## WORK INSTRUCTION:
Stop at the line containing "a book shelf": write out every line from the beginning of the entries up to and including it, minus the pictures.

•••••

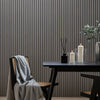 A dark wood table set against a gray vertical slat wall with candles and a draped cloth.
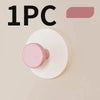 One reusable suction cup hook in a pale pink color shown against a neutral background.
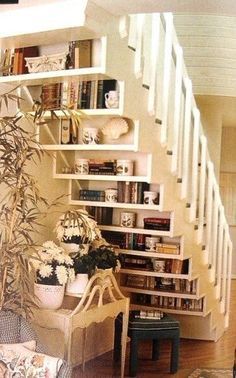 a book shelf filled with books next to a stair case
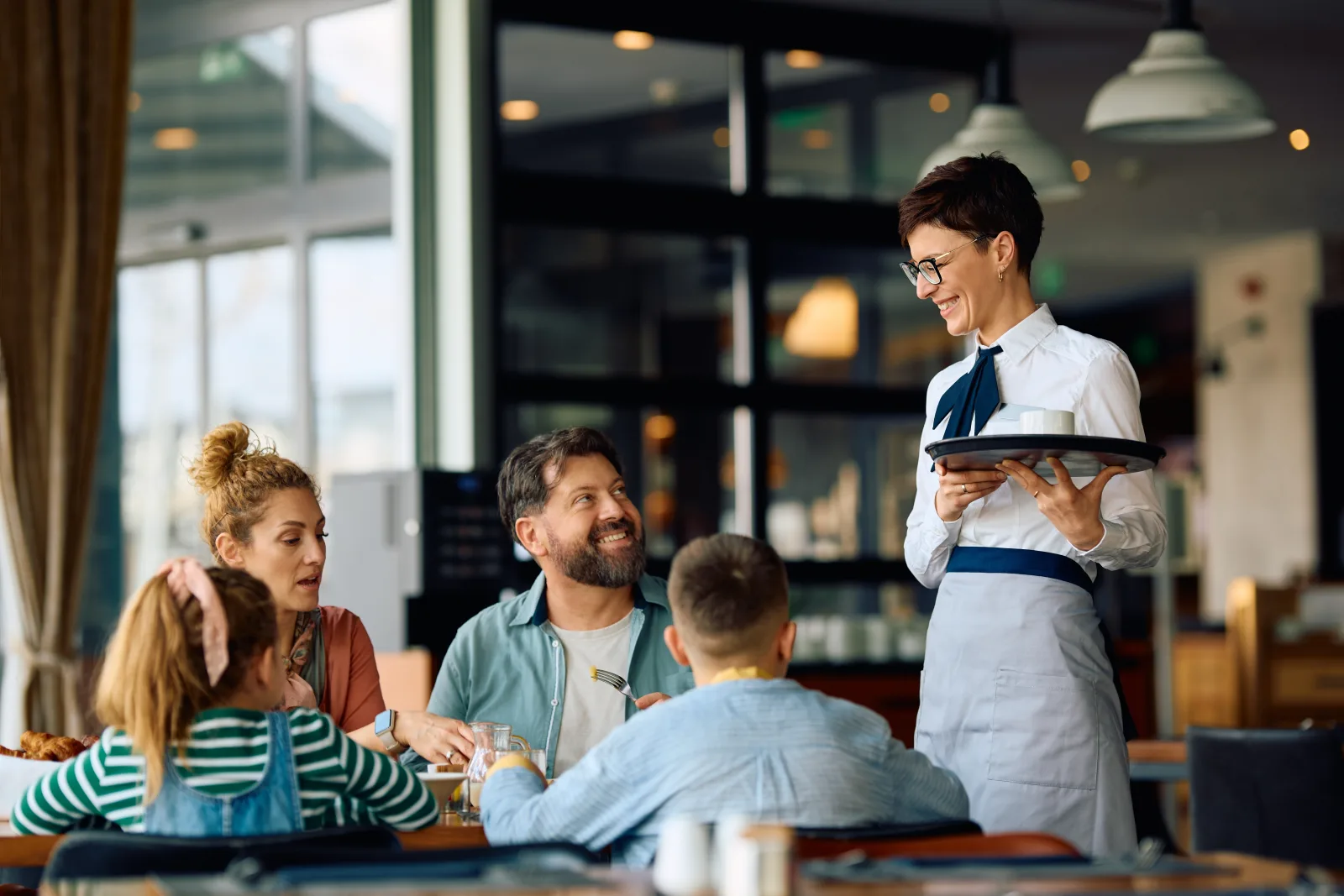 a server carrying a tray past a family seated at a window table — the agency behind Wexford Restaurant Insurance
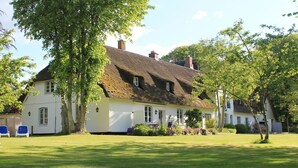 Een klassiek wit huis met rieten dak, omgeven door een verzorgd gazon en bomen.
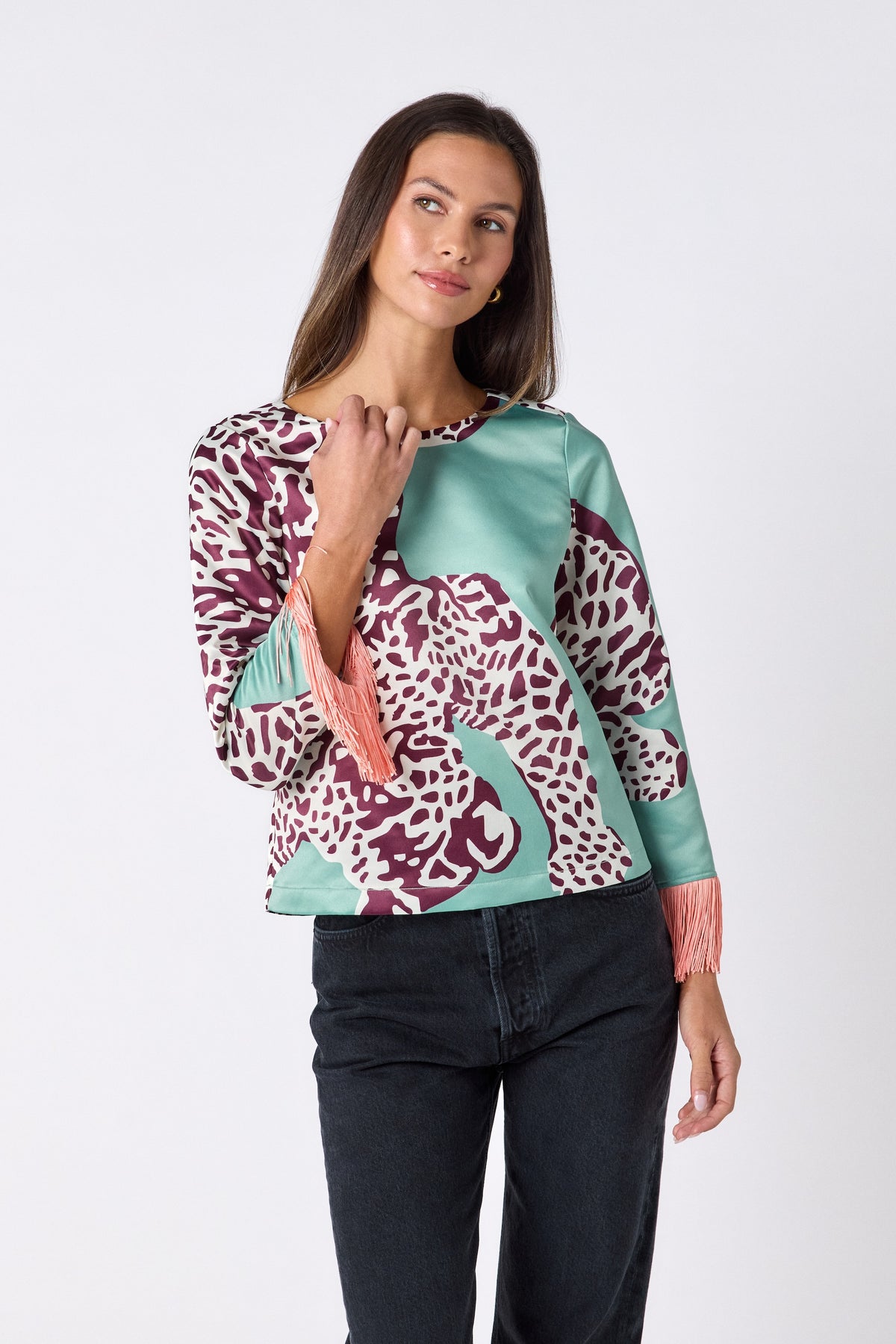 Maya Top in Mint Catwalk featuring contrast fringe sleeve cuffs and back neck tie detailing on model – CROSBY by Mollie Burch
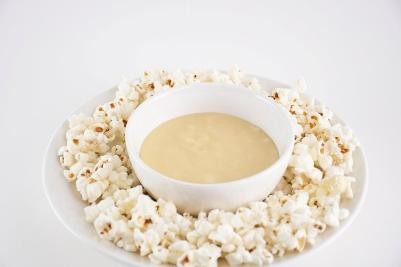 Popcorn surrounding a bowl of light brown sauce on a white background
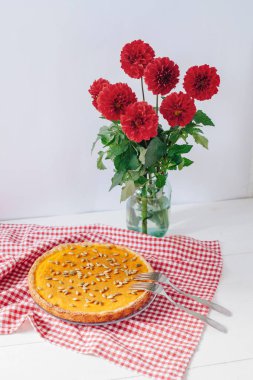 Kabak pasta çatal masada peçete ve kırmızı çiçekler vazoda beyaz tabakta servis
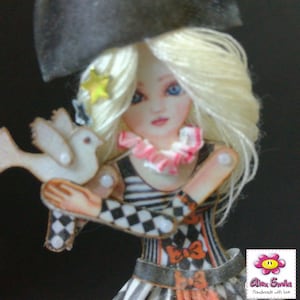 Colombian, Pierrot or Harlequin  doll is articulated like a paper puppet. Doll with a dove, art doll that can be a jewelry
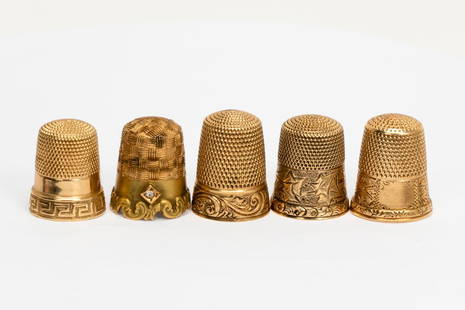 Group, Five Various Gold Thimbles: Five vintage gold thimbles of various sizes, makers and design, one with a small diamond. Four marked 14KT to the interior, the last hallmarked for Simon Brothers and "A". Approx. weight 18.8 grams. P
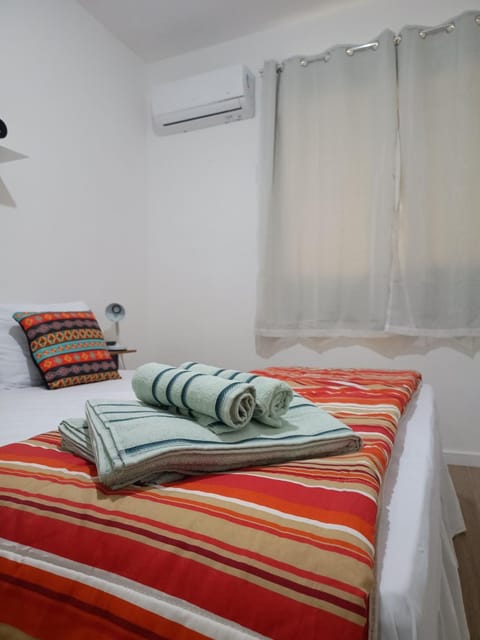 Bed, Photo of the whole room, Bedroom, towels, air conditioner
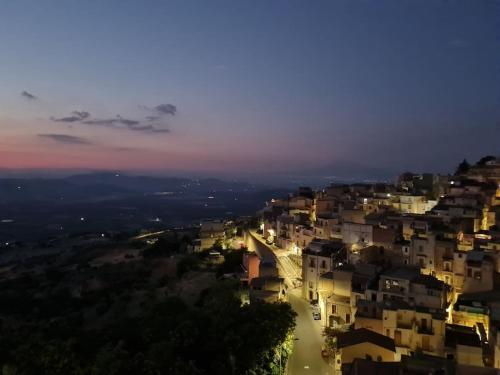 a view of a city at night at Mineo Townhouse with incredible views of Mt Etna in Mineo
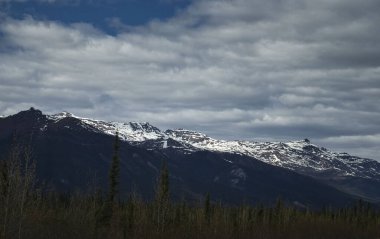 Alaska 'da bir bahar günü, Dalton Otobanı' nda, dağların tepesinde güneş parlıyor.. 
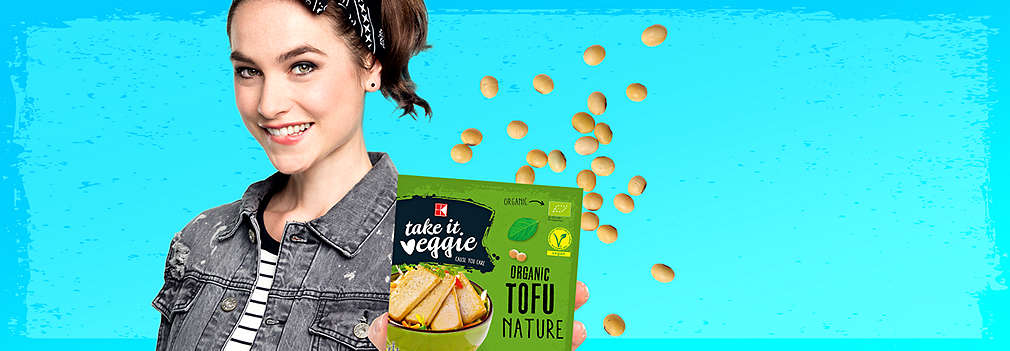 Mladá dívka drží v ruce K-take it veggie 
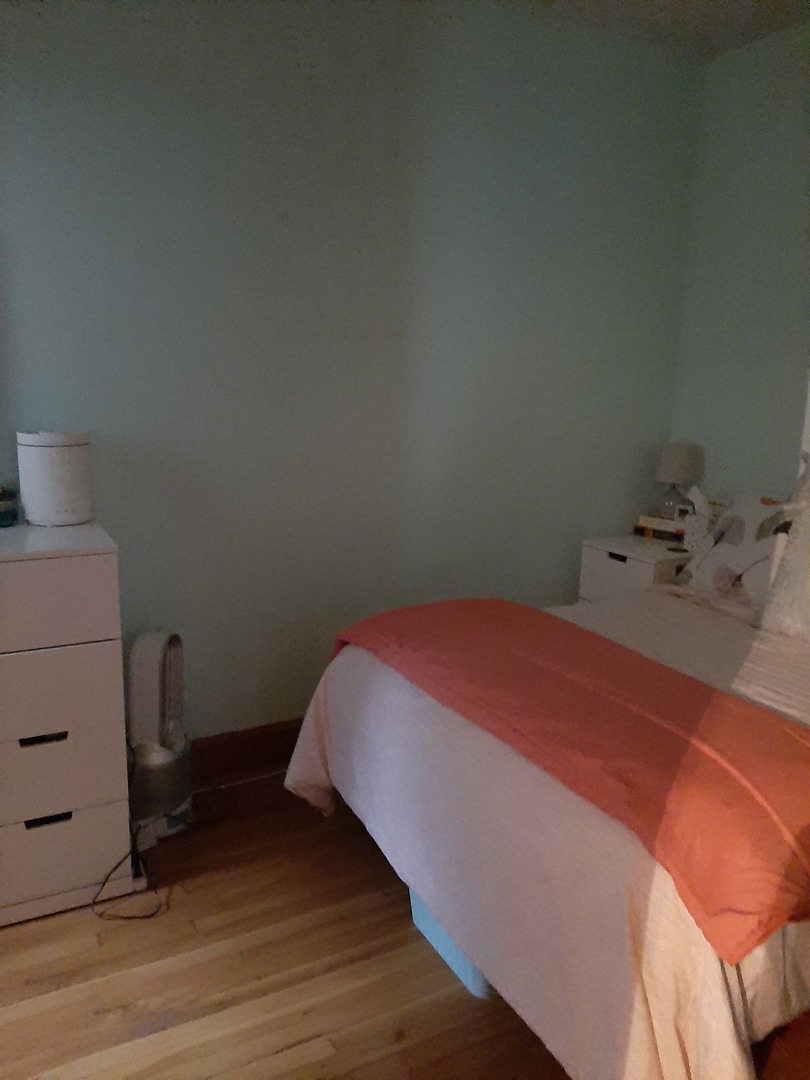 3142 South Morgan Street Chicago, IL 60608 - Photo 13 of 22 a bedroom with a bed and a dresser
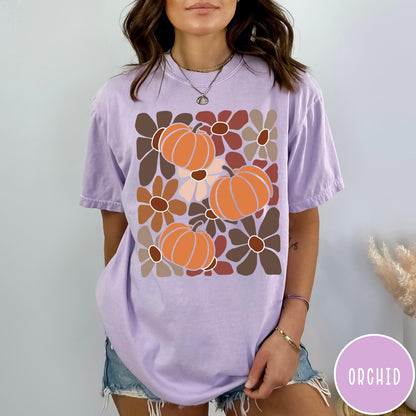 Comfort Colors tee in Orchid featuring boho floral style graphic with three orange pumpkins and brown flowers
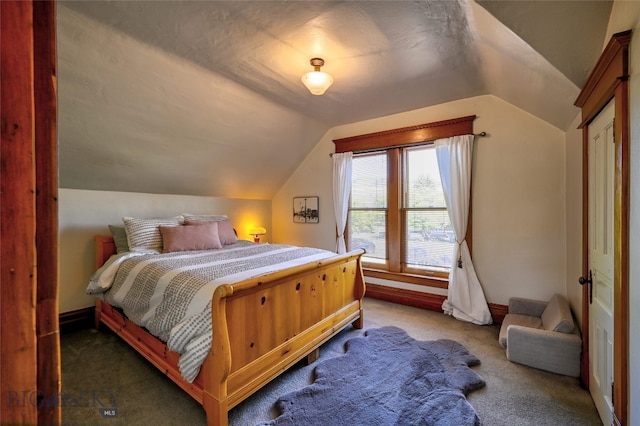 716 W Pine St, Missoula, MT 59802 - carpeted bedroom featuring lofted ceiling and baseboards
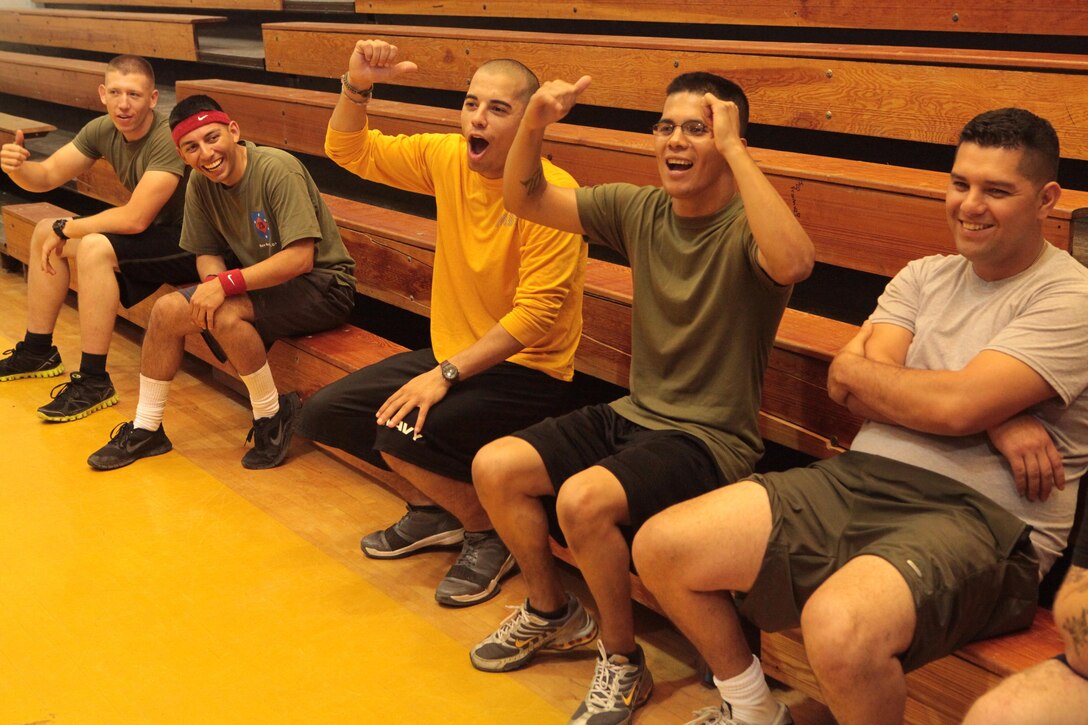 Cpl. Julio Vazquez, a motor transport operator with 6th Engineer Support Battalion, and Petty Officer 3rd Class Trent Brown, construction electrician with Naval Mobile Construction Battalion 23, taunt a fellow service member that they believe was tagged out during Innovative Readiness Training, Joint Task-Force Summit West Virginia’s final dodge ball game, Aug. 7, 2013. IRT is a Marine-led training event with support from the Navy Reserve Forces Command, Army Reserve and Army National Guard. It provides real world training opportunities for service members and units to prepare them for their wartime missions while supporting the needs of America’s underserved communities. (U.S. Marine Corps photo by Cpl. Fenton Reese)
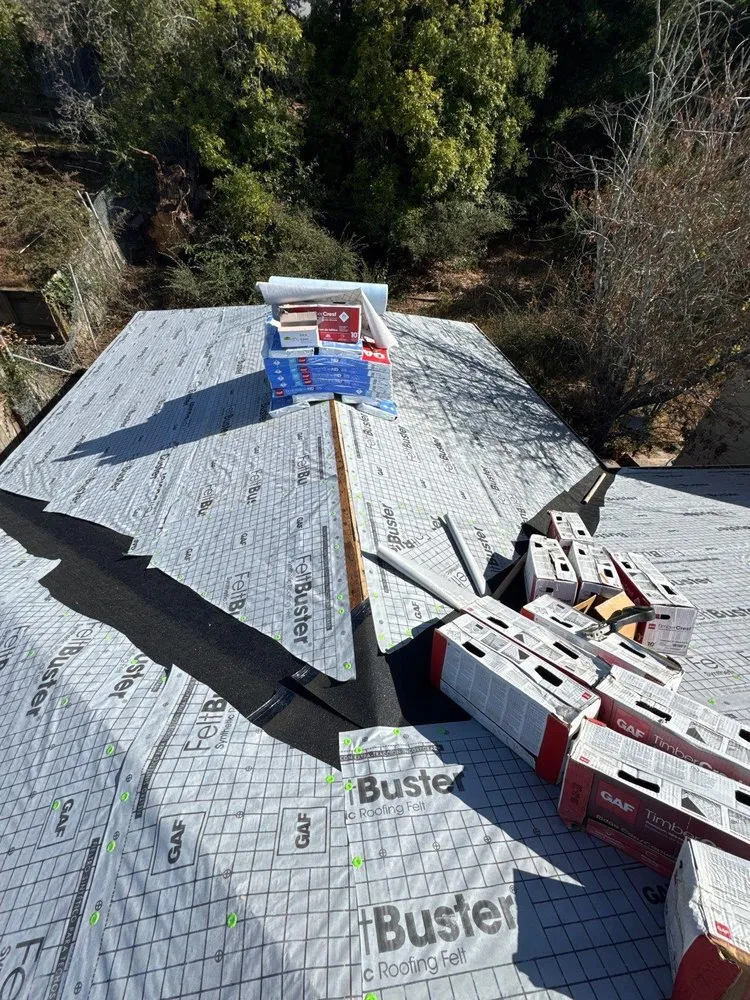 Slide of Acker Roofing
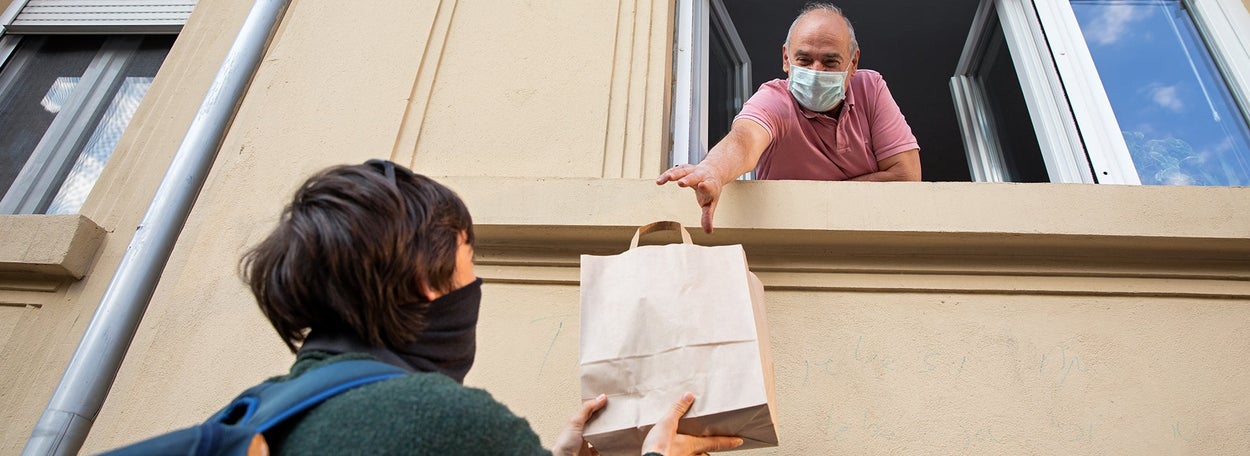 Een man neemt via het open raam een tasje met boodschappen aan van iemand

•••••

## OUTPUT OF THE TASK:
 A dark wood table set against a gray vertical slat wall with candles and a draped cloth.
 One reusable suction cup hook in a pale pink color shown against a neutral background.
 a book shelf filled with books next to a stair case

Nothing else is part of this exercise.